Tuesday, July 17, 2007

Justice prevails somewhere

British girl loses "virginity ring" court battle

LONDON (Reuters Life!) - A British teenager whose teachers had stopped her wearing a "purity ring" at school to symbolise her commitment to virginity lost a High Court fight against the ban on Monday.

Lydia Playfoot, 16, says her silver ring is an expression of her faith and had argued in court that it should be exempt from school regulations banning the wearing of jewellery.

"I am very disappointed by the decision this morning by the High Court not to allow me to wear my purity ring to school as an expression of my Christian faith not to have sex outside marriage," Playfoot said in a statement.

"I believe that the judge's decision will mean that slowly, over time, people such as school governors, employers, political organisations and others will be allowed to stop Christians from publicly expressing and practising their faith."

Quit yer bellyachin'. Why don't you shut up and do what the nice men tell you to do like a good Christian girl, Prissy?

The no-jewelry rule is there for a reason. There's no exception for people who really, really want to wear them, or who think God told them to wear them, or who believe that they have a moral right to wear them. 'Cause, see, that would mean everybody would be excepted. And then you'd have kids wearing blinged-out diamond crosses the size of Flavor Flav's alarm clock around their necks, all in the name of religion and purity.

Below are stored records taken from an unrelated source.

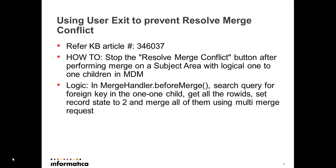So using user exit to prevent the conflict, there is a KB article 346037 on how to stop the Resolve Merge Conflict button from appearing after the merge is performed on a subject area that has a logical 1 to 1 child relationship in MDM. So the logic goes as follows: in the merge handler, in the before merge method, write a search query to get all the children for the specified foreign key which will be the survivor. Once all the row IDs are retrieved, set the record state, that is the consolidation indicator, to 2 and merge all of them using the MultiMerge API SIF call.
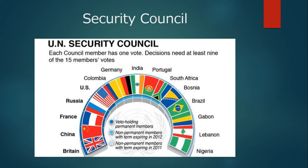Non-permanent member countries are changed every year. Currently they are Colombia, Germany, India, Portugal, South Africa, Bosnia, Brazil, Gabon, Lebanon, and Nigeria.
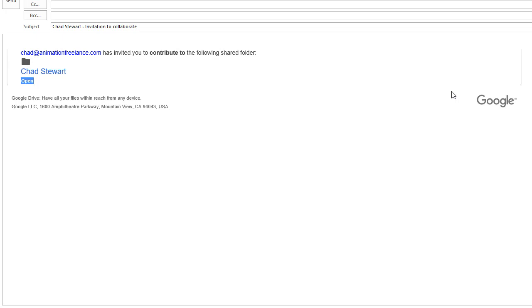Hi everybody, it's Mr. Stewart here with a video to help you get your student folder set up in Google Drive.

It's kind of interesting, though, that it's always religious zealous who go around challenging the established order of law these days, and no longer secular idealist activists. Fundamentalists are the new hippies? "Don't trust anyone who's studied the law" is the new "Don't trust anyone over thirty?" Pray-in is the new sit-in? "Hell's where you're going to go" is the new 'Hell, no, we won't go?"